Bush said that heightened security around mosques in New Zealand will continue until authorities determine there is no longer a threat.

The 28-year-old suspected gunman appeared in court on Saturday and was charged with murder. Bush said he will appear in New Zealand's High Court in early April. Authorities are considering additional charges for the suspect, including charges under the country's Terrorism Suppression Act.

The suspect had a New Zealand firearms license that he obtained in 2017. Police are still working to identify what type of weapon was used, but Bush said, "It's quite obvious" that he modified his firearm.

The suspect was apprehended in his car by two police officers. Bush said he believes the officers prevented further deaths "and risked their lives doing so."


Bush also clarified information surrounding the arrests of three other individuals. He said that two people were apprehended in a vehicle near the scene of the shootings and that a firearm was seized from them. The woman from the vehicle was released without charge; the man has been charged with firearm offenses.

Police also arrested an 18-year-old man as a result of their preliminary investigation into the attack. He will appear in court on Monday. The man "went to ... assist children in the area to get them safely but did decide to arm [himself], which is not the right approach," Bush said.

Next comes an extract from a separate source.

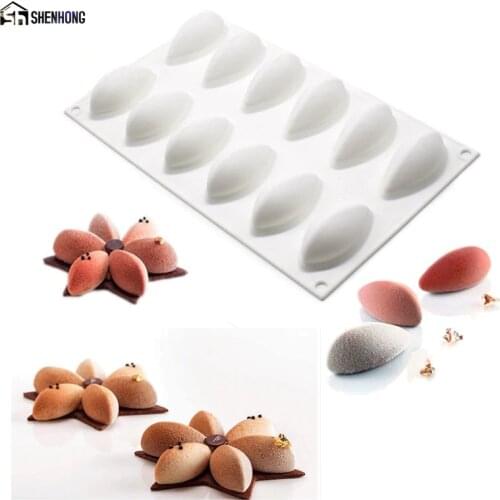 SHENHONG Sea Shells Cake Pan Mold French Dessert Mousse Silicone White Pastry Mould DIY Baking Non-Stick Decoration Bakeware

Bush said that at this point, none of those three other individuals arrested thus far appears to have been involved with the shooting.

"At this moment, only one person has been charged in relation to these attacks," Bush said. "I will not be saying anything conclusive until we are absolutely convinced as to how many people were involved. But we hope to be able to give that advice over the next few days."

A list of victims' names has been created with the help of senior religious leaders and has been shared with families. Police said the list was compiled to give some certainty to the families of the victims. Victims have included young children and people from at least a half-dozen countries.

"This is not a formal list, and we will be unable to share exact details of victims until they have been formally identified," Bush said.

Bodies of the victims have not yet been released to families because police are still working to determine cause of death for each victim. But Bush said police are aware of the Muslim faith's requirement for a prompt burial.

"We are so aware of the cultural and religious needs, so we are doing that as quickly and as sensitively as possible," Bush said.

Although authorities have not released an official list of victims, a list of missing people has been published on New Zealand's Red Cross website. It includes people from Bangladesh, Pakistan, Jordan, India and Syria, among other countries.

Prime Minister Jacinda Ardern said many of those "directly affected by this shooting may have been migrants to New Zealand" or even refugees.